SPEKTRA Edge Limits Service Design

Understanding the SPEKTRA Edge resource limit design.

1: Service Limit Initialization
2: Project and Organization Limit Initialization
3: AcceptedPlan Update Process
4: Resource Limit Assignment
5: Resource Limit Tracking
6: Project and Organization Deletion Process

Limits service is a fairly one of those services with special design. Service itself should be known from the user guide already and in some part from the developer guide. Knowledge about plans is assumed. Limits also is one of the standard services, and its code structure in the SPEKTRA Edge repository (limits directory) should be familiar.

What needs explanation is how Limits ensures that “values” don’t get corrupted, lost, over-allocated, etc.
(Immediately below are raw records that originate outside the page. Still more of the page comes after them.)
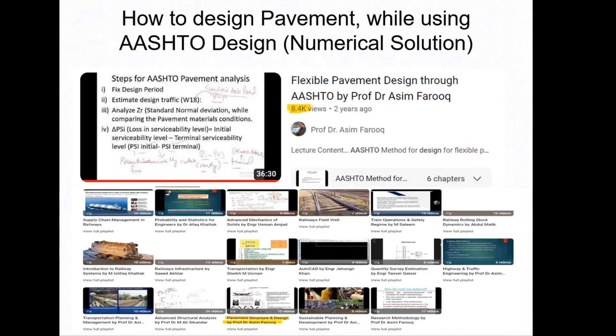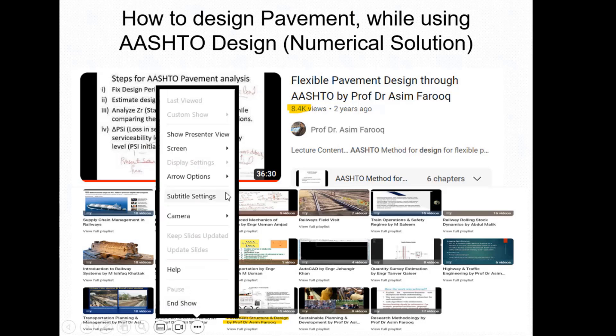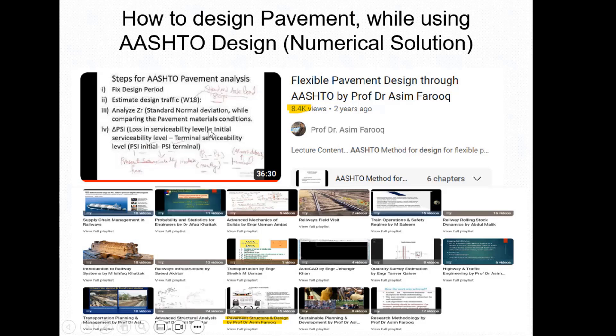Welcome everyone to the next session on how to design pavement using the AASHTO design method. In today's session, we will mainly understand and resolve the numerical solution using the AASHTO problem.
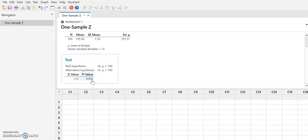And therefore, because this is an unlikely result if the null is true, we conclude that this is support for the claim that the null is false, support for the claim that in fact cholesterol levels are indeed higher in only children.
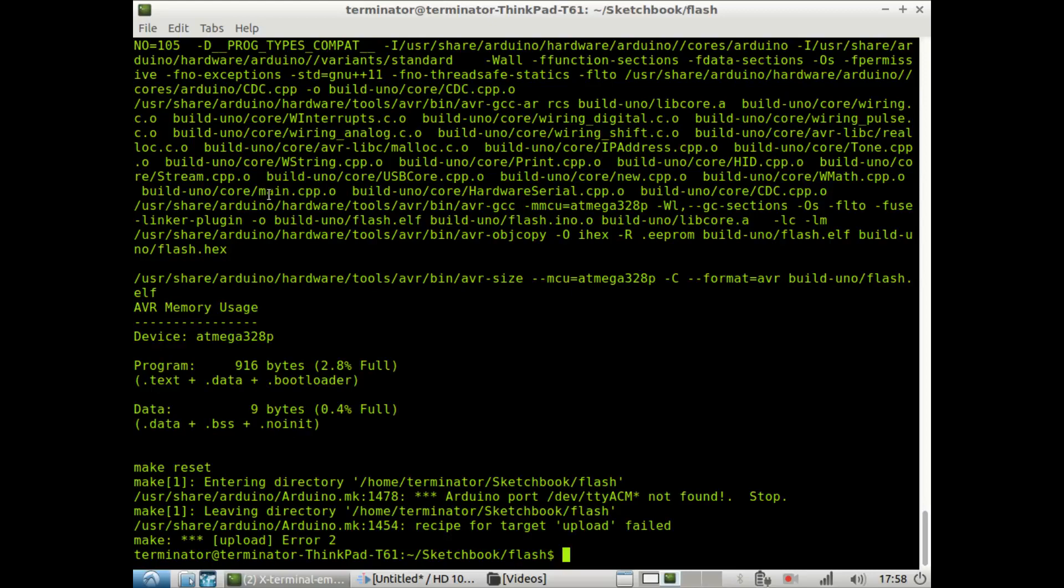So that is some of the basics of using the Arduino makefile package for programming in Arduino from the convenient command line interface for Linux. I hope you found this short tutorial helpful. Thanks for watching.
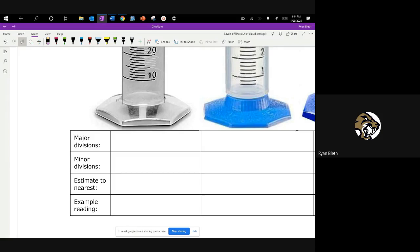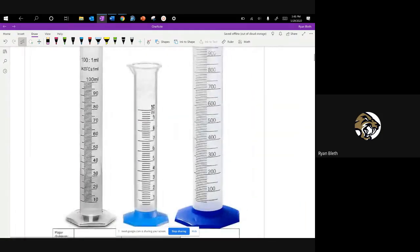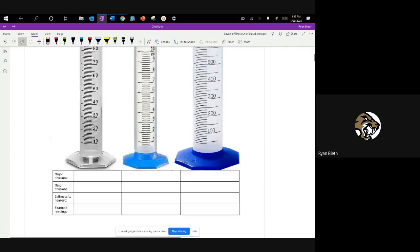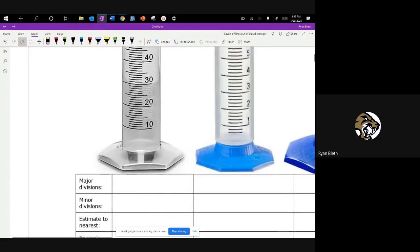So on this first device, we call this a graduated cylinder. It's a cylinder in shape and it has graduations — little lines marked on there to tell you exactly what the quantity of liquid in there would be. The major divisions here are by 10s, so we have major divisions to the nearest 10: 10, 20, they're marked by 10s.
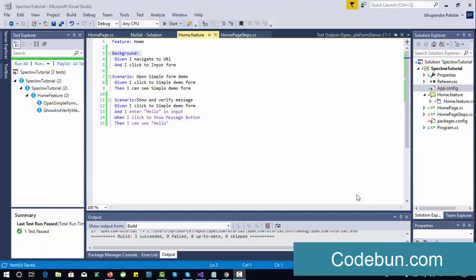Hello everyone, welcome again. In this session I'm going to continue the BDD automation. In the last two sessions you have seen how we can set up these things and how we can start BDD automation using SpecFlow over the IDE, Visual Studio. Today we'll discuss about the background concept and parameters.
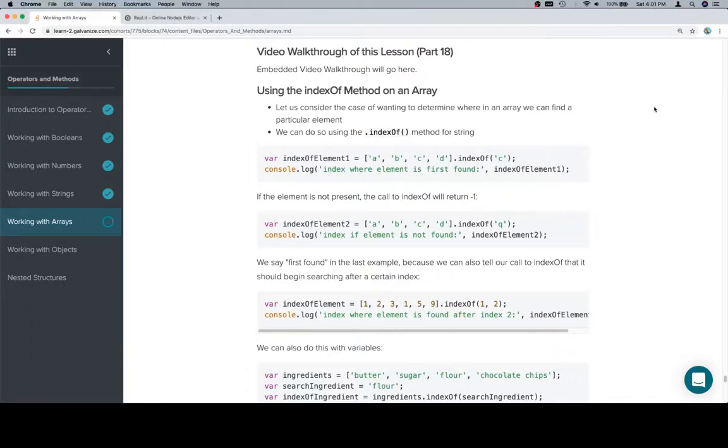Hey y'all, this is part 18 and it's the last part in the working with arrays lesson. Congratulations on making it this far.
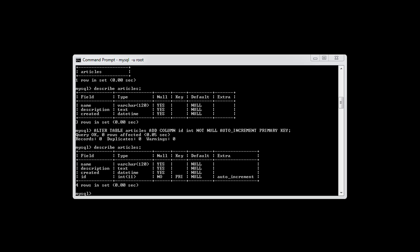Now that we've got all our fields set up or our columns set up ready to go, we're now going to go ahead and insert our first record into this table. So we want to go ahead and supply the information name, description and created.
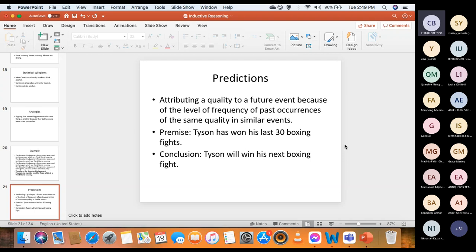Then you have predictions — attributing a quality to a future event because of the level of frequency of past occurrences of the same quality in similar events. Example: 'Tyson has won his last 30 boxing fights; therefore Tyson will win his next boxing fight.' His last 30 fights are events in the past, but the conclusion contains information about the future. The premise does not account for the future — the future was smuggled into the conclusion. And there is no guarantee, because someone could have made this prediction before Tyson's first loss, and he went ahead and lost.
First, resources are allocated in each service, but resource limits.edgelq.com/Limit belongs to a Limits service. Therefore, we can’t easily guarantee counter-integrity if the resource is created in one service and counted elsewhere. Next, we know that limit values are passed from service to organizations, then to potential child organizations, and eventually to projects. From MultiRegion design, we know that each organization and project may point to a main region where resources are kept. Therefore, we know that organizations/{organization}/acceptedPlans/{acceptedPlan} is in the organization’s region, and projects/{project}/planAssignments/{planAssignment} is in the project’s region, may be different. This document describes how these Limits work in this case.

We will also be showing code pointers, where things can be found.
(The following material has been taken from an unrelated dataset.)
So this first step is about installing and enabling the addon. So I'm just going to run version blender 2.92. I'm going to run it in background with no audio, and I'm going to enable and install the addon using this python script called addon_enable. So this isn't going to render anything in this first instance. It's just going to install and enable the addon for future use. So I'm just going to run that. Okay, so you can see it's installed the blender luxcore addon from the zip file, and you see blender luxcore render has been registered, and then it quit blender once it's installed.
During this guide, you will find out why parallel creations/deletions are not parallel!

1 - Service Limit Initialization

Understanding how the SPEKTRA Edge service limit initialized.
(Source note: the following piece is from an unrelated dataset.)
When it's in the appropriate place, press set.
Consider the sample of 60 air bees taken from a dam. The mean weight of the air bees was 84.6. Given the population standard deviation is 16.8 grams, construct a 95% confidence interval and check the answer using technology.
When Service boots up, it creates limits.edgelq.com/Plan instances. Limits controller, defined in limits/controller/v1, has LimitsAssigner processor, defined in limits/controller/v1/limits_assigner/limits_assigner.go. It is created per each possible assigner, therefore, it is created per Service and Organization. LimitsAssigner is typically responsible for creating AcceptedPlan instances for child entities, but, for Services, it makes an exception: It creates an AcceptedPlan for itself! See file limits/controller/v1/limits_assigner/default_plan_acceptor.go, function calculateSnapshot computes plans for child entities, and for the Service itself! This is booting things up, the Service can assign any values it likes to itself.

2 - Project and Organization Limit Initialization

Understanding how the project and organization limit initialized.

If the project has a parent organization, then this parent organization is an assigner for a project. If the project is root-level, then its enabled services are assigners, each service can assign an individual plan for a project. Same for organizations. When a project/organization is created, the Limits Controller puts the newly created entity in the “assigner” box (or boxes for root-level entities). Then it creates an instance(s) of AcceptedPlan. Implementation, again, is in limits/controller/v1/limits_assigner/default_plan_acceptor.go. It is worth mentioning however now, that DefaultPlanAcceptor uses LimitPools of assigner to see if it will be able to create an AcceptedPlan resource. If not, it will instead annotate the Project/Organization that failed to create a plan for. This is why in limits_assigner.go you can see Syncer for not only AcceptedPlan but also Project and Organization.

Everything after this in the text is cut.